Stored dataset items

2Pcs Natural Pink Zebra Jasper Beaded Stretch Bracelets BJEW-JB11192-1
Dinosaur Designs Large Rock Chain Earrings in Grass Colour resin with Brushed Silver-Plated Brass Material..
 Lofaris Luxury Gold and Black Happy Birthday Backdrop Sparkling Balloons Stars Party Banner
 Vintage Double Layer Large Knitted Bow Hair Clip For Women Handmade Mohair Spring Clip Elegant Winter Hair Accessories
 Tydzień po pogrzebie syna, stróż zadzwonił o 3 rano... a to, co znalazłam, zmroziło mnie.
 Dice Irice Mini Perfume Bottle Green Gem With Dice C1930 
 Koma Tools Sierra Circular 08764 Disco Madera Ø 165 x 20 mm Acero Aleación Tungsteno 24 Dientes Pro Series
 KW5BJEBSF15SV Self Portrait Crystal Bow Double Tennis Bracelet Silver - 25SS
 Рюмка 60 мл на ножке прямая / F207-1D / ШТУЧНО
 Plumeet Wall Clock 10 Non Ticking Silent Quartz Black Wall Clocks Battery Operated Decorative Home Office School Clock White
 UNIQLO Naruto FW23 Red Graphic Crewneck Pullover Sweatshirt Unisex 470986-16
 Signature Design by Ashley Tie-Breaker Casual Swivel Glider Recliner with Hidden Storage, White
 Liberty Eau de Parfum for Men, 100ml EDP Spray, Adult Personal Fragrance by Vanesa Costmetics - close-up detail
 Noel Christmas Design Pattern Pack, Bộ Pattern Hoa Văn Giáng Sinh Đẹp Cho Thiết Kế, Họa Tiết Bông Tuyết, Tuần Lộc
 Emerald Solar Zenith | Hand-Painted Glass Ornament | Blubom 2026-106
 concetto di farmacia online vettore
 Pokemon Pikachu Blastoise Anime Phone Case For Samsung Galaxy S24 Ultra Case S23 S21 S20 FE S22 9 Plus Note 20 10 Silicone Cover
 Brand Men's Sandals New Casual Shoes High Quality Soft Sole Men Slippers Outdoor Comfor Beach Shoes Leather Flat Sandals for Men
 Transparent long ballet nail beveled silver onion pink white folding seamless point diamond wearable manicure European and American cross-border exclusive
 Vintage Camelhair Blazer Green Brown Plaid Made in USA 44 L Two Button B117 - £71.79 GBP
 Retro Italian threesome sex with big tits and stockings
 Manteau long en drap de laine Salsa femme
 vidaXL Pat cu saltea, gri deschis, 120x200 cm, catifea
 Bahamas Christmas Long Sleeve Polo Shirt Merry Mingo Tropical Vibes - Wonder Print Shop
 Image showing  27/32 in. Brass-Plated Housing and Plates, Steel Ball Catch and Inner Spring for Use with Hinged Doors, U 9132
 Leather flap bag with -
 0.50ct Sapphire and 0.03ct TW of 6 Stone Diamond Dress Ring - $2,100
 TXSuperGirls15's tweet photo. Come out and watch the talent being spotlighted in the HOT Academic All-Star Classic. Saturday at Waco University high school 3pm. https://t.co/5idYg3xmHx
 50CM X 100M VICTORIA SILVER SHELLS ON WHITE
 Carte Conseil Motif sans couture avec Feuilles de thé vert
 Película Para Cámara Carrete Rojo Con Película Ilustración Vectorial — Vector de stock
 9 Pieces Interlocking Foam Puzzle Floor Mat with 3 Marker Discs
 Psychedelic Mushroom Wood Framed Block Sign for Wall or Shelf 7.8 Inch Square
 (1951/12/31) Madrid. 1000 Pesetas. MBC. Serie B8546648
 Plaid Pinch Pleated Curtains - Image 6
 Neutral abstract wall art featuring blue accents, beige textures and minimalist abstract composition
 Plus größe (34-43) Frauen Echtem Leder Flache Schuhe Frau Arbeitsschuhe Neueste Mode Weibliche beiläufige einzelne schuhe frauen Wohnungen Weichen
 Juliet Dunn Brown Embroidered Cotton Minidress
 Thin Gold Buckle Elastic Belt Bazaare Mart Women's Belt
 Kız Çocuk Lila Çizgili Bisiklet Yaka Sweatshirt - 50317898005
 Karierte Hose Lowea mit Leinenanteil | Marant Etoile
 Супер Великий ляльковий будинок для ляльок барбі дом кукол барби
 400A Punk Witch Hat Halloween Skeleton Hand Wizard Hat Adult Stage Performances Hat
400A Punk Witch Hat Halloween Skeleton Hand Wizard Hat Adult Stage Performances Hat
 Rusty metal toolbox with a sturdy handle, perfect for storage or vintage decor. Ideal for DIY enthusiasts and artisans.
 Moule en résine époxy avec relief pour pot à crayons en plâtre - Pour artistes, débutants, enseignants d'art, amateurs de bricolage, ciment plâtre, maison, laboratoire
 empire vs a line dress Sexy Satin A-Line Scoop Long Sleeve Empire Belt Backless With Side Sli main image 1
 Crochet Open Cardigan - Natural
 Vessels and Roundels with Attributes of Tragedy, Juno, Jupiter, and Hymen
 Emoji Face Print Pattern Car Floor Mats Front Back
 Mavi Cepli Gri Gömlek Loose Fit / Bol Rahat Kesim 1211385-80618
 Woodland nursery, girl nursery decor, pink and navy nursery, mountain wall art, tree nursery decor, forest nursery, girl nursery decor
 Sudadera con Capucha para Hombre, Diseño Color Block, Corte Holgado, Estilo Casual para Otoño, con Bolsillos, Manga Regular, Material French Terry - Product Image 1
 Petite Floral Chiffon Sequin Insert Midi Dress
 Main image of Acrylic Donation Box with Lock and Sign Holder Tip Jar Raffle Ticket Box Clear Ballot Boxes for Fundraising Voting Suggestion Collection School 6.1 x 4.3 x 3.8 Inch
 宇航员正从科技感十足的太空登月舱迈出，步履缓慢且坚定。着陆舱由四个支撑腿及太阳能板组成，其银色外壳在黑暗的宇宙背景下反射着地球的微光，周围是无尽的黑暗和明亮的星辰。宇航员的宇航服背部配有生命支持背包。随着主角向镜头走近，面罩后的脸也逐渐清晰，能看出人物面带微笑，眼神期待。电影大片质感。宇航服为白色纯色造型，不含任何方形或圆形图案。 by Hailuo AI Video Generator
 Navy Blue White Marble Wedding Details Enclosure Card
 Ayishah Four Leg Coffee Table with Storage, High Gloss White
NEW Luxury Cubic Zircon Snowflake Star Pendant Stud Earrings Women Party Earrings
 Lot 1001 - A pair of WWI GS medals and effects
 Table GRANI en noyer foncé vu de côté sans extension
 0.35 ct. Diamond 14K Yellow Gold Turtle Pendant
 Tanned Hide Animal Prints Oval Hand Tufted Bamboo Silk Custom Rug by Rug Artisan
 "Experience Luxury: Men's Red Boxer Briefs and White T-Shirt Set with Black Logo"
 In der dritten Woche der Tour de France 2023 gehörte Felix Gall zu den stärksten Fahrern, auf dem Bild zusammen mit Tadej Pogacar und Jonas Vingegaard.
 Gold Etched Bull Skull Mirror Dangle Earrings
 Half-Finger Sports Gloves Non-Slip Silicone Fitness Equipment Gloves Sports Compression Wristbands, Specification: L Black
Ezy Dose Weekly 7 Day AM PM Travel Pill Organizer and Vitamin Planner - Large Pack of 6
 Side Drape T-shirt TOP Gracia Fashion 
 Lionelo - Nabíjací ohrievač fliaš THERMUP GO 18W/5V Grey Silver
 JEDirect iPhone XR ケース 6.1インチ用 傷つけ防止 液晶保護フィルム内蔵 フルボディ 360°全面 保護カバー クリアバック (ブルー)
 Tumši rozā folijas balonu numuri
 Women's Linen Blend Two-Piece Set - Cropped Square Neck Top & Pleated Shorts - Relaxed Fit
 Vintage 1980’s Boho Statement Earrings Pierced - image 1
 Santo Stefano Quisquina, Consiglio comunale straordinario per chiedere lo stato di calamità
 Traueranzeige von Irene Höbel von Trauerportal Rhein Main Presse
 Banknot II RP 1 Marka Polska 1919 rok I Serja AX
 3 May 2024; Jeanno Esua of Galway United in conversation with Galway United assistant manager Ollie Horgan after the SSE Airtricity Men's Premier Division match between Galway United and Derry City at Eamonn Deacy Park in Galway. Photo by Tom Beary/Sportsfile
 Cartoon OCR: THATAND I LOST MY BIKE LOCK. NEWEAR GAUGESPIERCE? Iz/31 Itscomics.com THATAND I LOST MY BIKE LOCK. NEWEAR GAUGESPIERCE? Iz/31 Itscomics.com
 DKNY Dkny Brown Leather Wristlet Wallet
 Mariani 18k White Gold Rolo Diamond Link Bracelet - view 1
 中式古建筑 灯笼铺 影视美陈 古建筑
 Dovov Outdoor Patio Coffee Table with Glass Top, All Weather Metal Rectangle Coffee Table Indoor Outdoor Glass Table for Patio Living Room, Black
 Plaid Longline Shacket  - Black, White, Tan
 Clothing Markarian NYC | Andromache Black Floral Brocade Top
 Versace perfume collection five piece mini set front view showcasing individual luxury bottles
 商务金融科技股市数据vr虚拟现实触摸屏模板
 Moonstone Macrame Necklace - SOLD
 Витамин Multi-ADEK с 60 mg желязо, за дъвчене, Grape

TASK INSTRUCTIONS ▸ Provide only the number of lines above that contain the word "avec".

RESULT OF THE EXERCISE ▸ 2